Beneath this instruction is a block of data; output from it exactly the lines that run from the one containing "Pannaria minutiphylla" through the one containing "PAREDE COM TEXTURA E SOMBRAS", inclusive.

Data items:
* * *
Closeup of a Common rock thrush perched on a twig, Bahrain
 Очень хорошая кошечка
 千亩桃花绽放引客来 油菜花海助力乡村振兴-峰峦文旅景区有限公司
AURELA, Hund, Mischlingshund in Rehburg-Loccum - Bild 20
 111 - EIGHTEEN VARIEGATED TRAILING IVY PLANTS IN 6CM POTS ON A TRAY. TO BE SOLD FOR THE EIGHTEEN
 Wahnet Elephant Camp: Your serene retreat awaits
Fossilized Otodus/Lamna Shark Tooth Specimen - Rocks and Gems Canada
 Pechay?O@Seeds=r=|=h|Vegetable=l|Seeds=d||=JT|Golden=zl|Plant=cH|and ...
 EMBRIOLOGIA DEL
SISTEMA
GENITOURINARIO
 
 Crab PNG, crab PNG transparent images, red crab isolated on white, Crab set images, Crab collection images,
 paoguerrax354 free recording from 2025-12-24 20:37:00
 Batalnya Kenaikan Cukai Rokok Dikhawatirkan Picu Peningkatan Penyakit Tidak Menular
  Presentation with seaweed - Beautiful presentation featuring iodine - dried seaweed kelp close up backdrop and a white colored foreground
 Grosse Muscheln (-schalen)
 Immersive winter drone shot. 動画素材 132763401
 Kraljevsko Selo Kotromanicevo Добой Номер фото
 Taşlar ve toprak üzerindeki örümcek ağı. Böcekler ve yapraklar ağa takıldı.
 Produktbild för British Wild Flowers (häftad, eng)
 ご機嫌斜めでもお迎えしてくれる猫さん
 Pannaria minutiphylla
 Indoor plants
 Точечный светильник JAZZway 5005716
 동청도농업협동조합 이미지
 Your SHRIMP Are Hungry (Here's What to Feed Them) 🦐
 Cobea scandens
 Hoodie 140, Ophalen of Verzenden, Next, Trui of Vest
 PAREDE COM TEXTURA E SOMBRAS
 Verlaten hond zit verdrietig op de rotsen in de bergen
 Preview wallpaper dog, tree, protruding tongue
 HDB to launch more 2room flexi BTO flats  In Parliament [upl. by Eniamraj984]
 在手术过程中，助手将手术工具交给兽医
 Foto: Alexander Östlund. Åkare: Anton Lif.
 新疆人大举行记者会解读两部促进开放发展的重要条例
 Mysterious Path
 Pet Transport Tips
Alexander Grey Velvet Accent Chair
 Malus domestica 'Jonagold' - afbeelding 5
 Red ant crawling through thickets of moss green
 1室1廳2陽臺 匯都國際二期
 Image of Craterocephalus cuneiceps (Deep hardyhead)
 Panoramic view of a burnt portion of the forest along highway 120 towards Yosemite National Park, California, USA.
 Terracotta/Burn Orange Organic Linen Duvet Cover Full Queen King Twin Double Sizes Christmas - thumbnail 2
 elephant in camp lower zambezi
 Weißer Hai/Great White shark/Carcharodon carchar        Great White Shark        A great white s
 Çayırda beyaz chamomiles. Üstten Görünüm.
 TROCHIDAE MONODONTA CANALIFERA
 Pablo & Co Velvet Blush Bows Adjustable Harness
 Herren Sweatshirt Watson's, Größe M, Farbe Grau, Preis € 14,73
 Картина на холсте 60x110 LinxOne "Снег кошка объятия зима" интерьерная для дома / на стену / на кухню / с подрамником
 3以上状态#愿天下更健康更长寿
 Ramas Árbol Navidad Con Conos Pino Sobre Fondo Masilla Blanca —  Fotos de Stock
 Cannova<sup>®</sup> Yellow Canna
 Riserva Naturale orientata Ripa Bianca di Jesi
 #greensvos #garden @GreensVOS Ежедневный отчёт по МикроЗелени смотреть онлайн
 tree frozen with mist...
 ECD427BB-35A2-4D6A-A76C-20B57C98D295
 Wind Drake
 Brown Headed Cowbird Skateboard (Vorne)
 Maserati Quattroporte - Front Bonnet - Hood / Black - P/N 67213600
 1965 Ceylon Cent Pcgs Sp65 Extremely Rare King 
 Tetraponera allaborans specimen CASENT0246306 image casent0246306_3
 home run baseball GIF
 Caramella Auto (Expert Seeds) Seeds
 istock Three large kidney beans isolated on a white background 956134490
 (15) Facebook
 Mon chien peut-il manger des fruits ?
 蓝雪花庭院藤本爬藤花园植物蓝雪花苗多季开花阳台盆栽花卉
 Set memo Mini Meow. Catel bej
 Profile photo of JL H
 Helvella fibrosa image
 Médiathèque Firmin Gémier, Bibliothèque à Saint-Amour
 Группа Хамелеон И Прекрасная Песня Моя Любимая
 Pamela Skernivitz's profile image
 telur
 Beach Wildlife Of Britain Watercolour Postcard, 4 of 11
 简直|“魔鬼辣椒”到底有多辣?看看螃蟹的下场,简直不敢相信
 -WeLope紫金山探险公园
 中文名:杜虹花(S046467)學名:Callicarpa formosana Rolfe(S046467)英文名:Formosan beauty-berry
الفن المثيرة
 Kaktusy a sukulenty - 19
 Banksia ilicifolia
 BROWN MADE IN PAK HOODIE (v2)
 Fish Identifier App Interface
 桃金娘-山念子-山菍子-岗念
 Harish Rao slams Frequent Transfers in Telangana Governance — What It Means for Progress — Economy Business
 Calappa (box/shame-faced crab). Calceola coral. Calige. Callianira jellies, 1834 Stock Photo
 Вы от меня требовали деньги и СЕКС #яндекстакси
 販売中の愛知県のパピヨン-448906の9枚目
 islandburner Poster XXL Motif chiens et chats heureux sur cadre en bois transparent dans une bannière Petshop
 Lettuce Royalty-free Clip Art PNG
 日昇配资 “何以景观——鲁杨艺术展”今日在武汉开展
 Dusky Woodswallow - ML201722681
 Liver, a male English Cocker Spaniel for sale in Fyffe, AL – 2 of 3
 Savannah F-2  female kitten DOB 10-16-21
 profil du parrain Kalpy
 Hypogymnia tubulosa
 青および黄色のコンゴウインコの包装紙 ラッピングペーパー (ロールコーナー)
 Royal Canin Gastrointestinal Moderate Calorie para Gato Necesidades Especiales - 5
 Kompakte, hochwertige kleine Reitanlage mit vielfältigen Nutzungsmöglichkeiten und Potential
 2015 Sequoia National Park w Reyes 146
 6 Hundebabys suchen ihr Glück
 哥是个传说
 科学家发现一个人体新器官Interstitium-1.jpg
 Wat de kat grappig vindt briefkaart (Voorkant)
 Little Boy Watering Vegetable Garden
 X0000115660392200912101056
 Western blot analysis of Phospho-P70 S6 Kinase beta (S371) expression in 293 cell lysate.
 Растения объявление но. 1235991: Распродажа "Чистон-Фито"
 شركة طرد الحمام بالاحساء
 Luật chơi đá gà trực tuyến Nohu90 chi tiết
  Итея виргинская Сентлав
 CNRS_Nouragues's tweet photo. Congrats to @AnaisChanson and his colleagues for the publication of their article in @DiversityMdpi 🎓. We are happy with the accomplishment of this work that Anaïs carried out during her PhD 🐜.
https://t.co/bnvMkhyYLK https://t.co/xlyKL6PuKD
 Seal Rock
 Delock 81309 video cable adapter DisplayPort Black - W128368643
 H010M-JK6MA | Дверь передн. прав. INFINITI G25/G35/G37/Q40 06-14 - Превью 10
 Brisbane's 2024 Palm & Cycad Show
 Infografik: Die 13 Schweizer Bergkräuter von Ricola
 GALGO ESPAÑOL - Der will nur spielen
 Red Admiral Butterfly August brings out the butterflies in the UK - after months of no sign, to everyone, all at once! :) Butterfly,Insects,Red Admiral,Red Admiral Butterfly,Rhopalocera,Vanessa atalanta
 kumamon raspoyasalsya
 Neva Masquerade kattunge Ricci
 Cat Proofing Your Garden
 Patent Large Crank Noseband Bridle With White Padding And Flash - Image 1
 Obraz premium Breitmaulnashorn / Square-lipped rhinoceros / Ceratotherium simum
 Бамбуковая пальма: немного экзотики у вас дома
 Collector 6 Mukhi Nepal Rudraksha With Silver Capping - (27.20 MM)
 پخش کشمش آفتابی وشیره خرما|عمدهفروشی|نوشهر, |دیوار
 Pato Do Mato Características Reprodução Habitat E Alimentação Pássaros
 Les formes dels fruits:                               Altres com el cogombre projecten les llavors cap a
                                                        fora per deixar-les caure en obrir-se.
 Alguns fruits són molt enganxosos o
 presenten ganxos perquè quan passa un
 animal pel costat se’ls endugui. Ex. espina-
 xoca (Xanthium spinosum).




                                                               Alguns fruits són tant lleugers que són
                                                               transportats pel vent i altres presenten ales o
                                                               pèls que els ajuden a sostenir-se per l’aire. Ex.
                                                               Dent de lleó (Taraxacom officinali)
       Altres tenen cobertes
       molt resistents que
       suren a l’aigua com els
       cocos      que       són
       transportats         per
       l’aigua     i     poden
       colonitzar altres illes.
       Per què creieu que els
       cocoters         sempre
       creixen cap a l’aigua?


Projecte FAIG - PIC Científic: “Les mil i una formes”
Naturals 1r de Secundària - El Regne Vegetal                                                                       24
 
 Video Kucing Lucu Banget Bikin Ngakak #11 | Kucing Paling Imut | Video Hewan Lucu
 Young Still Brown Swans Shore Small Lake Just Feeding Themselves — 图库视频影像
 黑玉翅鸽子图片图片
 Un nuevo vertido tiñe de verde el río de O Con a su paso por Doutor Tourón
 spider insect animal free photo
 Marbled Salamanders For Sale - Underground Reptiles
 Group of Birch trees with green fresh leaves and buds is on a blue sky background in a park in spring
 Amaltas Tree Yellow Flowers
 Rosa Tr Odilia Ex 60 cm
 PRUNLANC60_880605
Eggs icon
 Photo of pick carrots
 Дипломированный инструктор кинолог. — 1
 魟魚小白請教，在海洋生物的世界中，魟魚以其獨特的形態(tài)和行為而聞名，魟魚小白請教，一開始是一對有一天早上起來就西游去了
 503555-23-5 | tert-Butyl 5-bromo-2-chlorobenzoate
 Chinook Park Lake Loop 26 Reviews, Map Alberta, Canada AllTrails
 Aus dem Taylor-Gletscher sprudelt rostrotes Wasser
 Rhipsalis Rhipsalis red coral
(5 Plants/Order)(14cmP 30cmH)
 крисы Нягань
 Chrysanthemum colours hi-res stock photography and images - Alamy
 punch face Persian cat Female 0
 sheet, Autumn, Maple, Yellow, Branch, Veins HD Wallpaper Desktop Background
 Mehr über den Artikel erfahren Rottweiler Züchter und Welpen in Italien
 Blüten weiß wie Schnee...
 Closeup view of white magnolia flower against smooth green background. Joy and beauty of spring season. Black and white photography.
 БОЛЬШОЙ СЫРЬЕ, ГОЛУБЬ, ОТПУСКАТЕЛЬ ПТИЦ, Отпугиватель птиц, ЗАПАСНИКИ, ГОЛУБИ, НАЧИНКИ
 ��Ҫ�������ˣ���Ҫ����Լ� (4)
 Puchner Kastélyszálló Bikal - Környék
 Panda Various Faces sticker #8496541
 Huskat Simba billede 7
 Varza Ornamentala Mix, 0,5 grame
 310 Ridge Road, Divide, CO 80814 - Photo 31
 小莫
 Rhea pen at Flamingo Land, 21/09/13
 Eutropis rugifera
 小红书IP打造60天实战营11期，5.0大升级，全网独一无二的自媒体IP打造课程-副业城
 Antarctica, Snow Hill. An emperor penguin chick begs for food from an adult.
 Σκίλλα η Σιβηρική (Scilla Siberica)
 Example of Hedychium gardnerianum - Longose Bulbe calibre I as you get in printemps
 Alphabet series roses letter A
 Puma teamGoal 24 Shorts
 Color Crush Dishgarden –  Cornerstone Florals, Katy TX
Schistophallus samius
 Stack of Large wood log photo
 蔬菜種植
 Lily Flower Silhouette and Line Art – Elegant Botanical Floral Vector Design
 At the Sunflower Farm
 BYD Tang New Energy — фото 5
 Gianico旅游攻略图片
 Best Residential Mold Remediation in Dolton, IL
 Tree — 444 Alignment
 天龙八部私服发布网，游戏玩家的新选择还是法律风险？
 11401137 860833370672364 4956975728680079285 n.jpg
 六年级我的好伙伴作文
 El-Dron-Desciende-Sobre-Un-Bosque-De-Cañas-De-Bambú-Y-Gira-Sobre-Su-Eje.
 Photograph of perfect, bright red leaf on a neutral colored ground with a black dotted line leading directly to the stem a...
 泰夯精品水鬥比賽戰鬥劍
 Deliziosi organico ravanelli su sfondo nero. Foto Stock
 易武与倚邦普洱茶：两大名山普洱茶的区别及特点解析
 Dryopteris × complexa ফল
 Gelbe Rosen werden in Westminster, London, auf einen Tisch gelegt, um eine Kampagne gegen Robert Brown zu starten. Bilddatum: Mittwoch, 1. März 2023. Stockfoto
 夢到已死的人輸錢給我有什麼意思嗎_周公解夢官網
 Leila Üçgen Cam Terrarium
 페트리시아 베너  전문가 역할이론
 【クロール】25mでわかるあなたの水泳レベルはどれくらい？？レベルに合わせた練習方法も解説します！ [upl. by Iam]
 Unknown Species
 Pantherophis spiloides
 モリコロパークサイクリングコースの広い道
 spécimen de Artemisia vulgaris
* * *
- Task result -
 Pannaria minutiphylla
 Indoor plants
 Точечный светильник JAZZway 5005716
 동청도농업협동조합 이미지
 Your SHRIMP Are Hungry (Here's What to Feed Them) 🦐
 Cobea scandens
 Hoodie 140, Ophalen of Verzenden, Next, Trui of Vest
 PAREDE COM TEXTURA E SOMBRAS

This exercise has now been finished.